== ABOUT THIS EXERCISE ==
The line containing "krwhts New Tiger" and each line after it, through the final line of the data, are to be retyped exactly, with pictures left out.

== DATA PROVIDED ==

* * * * * * * * *

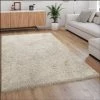 Paco Home Tapis À Poils Hauts, Tapis Flokati Douillet Moderne, Uni En Beige 60x100 Cm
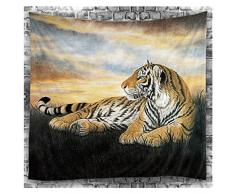 krwhts New Tiger in the Snow Vertikal Stickset, Schlafzimmer Wohnzimmer Wohnheim Zubehör Wand aufhängen tapestry150130 cm (152,4 cm 132,1 cm)
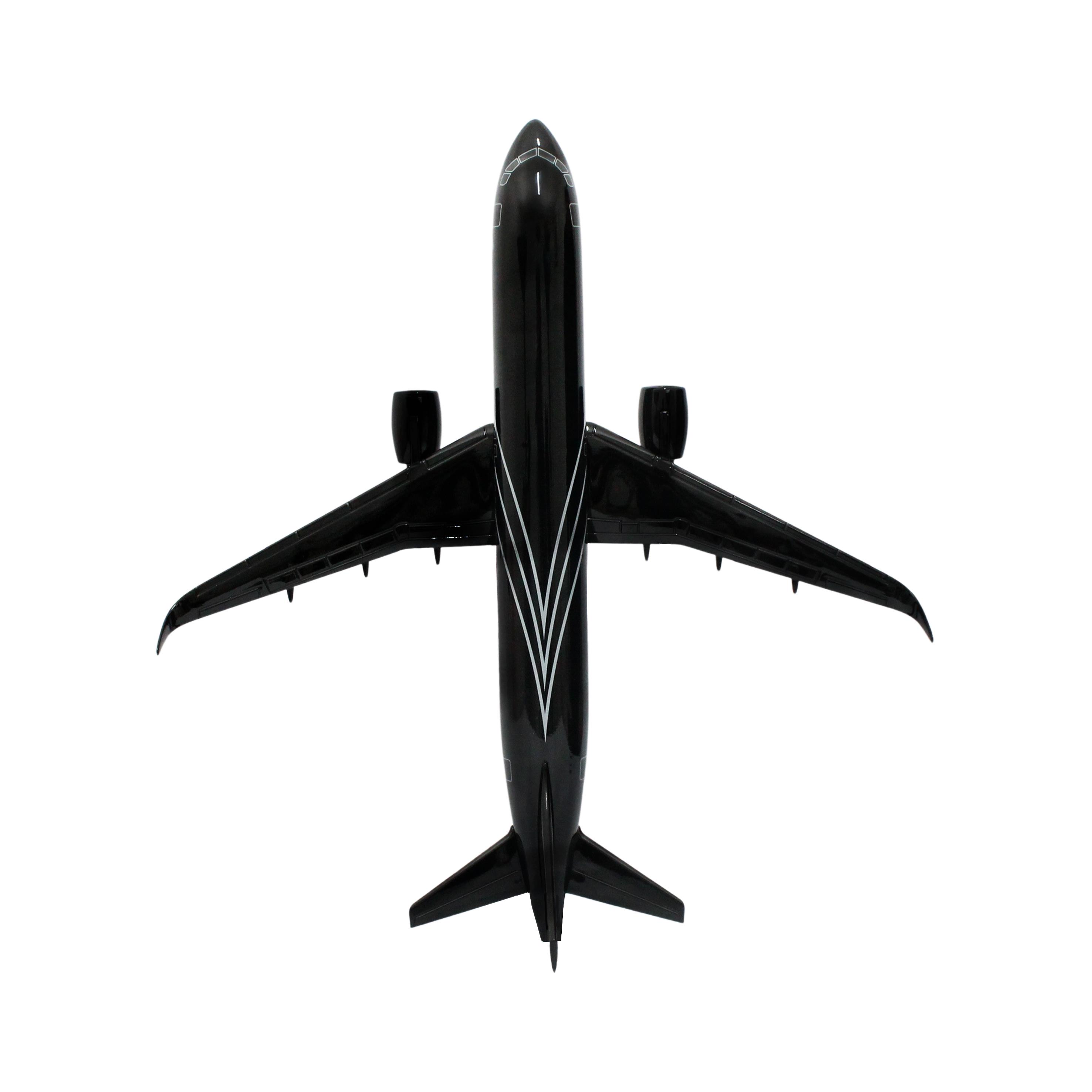 UCK0215Zekupp Airbus 320-200 1/60 Ölçek Çizgili  Tasarım Keman Boy Maket Uçak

* * * * * * * * *

== ANSWER BOX ==
 krwhts New Tiger in the Snow Vertikal Stickset, Schlafzimmer Wohnzimmer Wohnheim Zubehör Wand aufhängen tapestry150130 cm (152,4 cm 132,1 cm)
 UCK0215Zekupp Airbus 320-200 1/60 Ölçek Çizgili  Tasarım Keman Boy Maket Uçak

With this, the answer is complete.